== Segment start ==

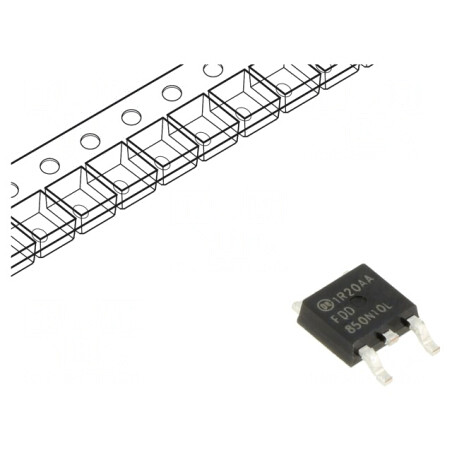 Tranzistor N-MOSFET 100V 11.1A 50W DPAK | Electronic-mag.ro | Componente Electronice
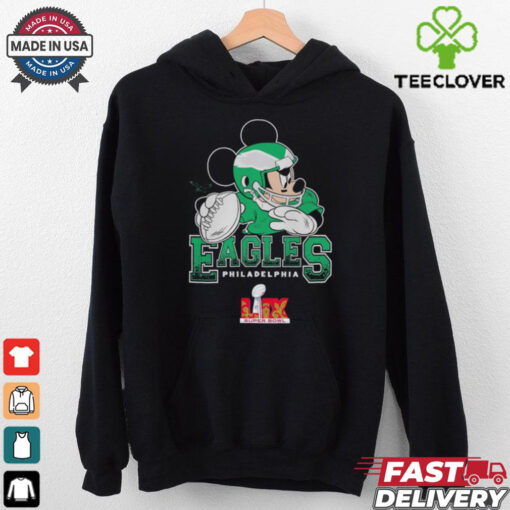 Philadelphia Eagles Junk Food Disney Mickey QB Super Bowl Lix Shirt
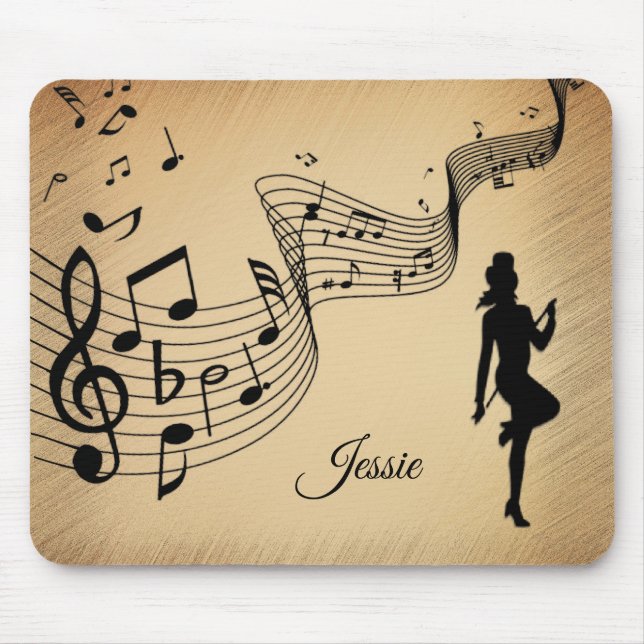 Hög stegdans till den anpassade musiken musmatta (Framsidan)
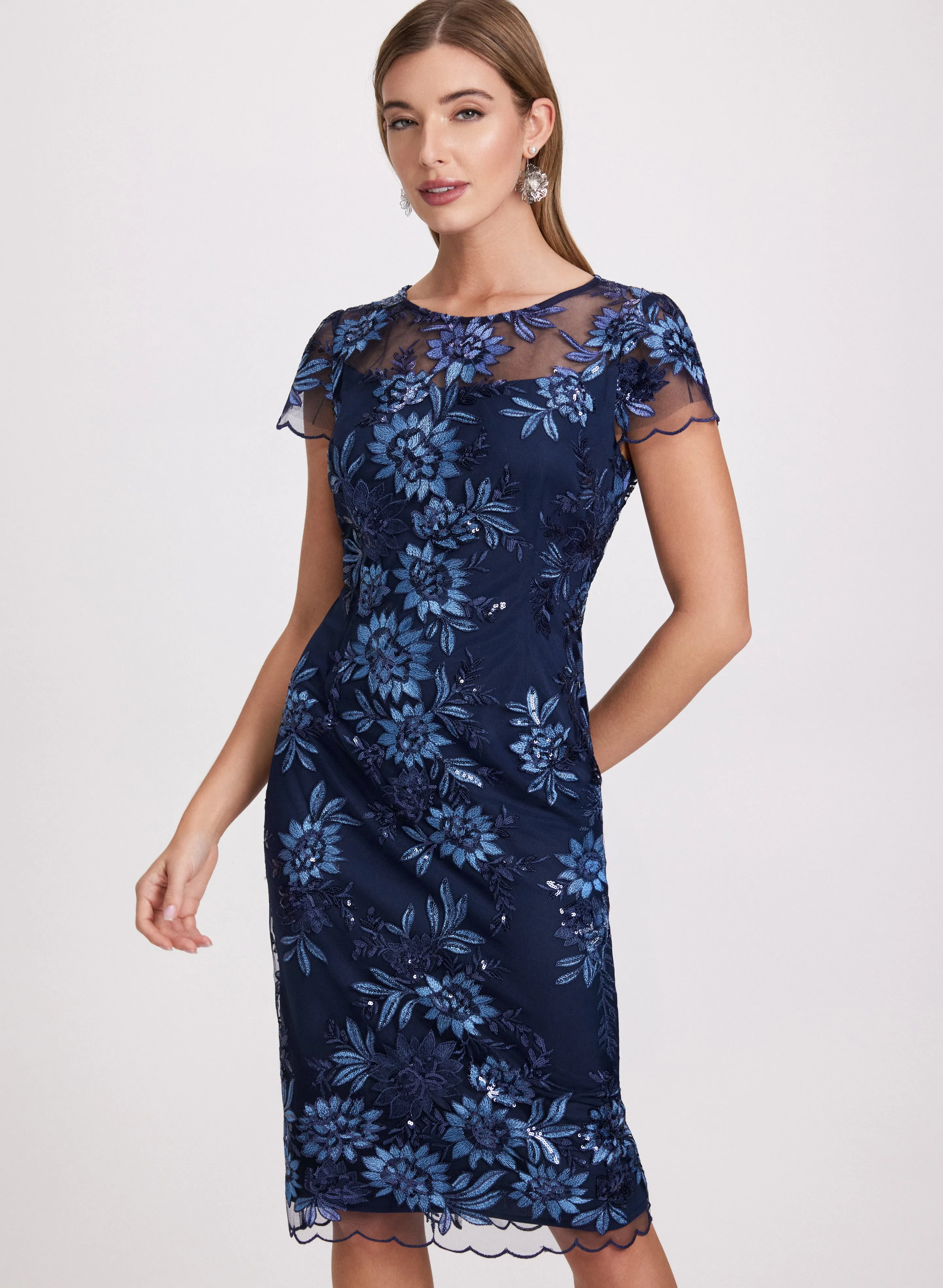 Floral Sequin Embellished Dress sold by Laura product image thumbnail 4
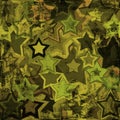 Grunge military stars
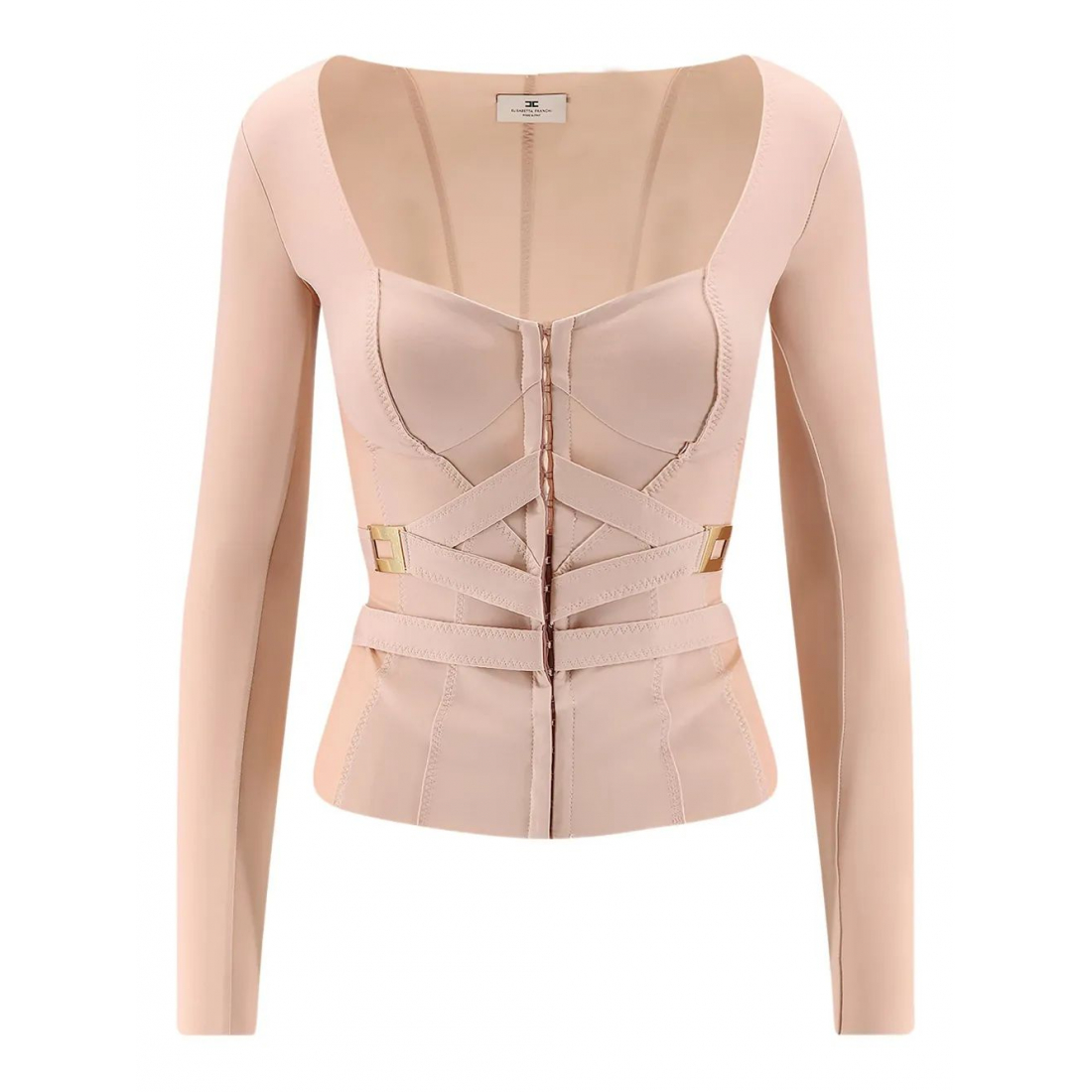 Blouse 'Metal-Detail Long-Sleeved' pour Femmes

== Segment end ==

§ **EXERCISE DETAILS**
Copy out exactly the lines from the one with "Floral Sequin Embellished" through the end of the listing, both ends included, omitting any picture.

§ **EXERCISE OUTPUT**
 Floral Sequin Embellished Dress sold by Laura product image thumbnail 4
 Grunge military stars
 Blouse 'Metal-Detail Long-Sleeved' pour Femmes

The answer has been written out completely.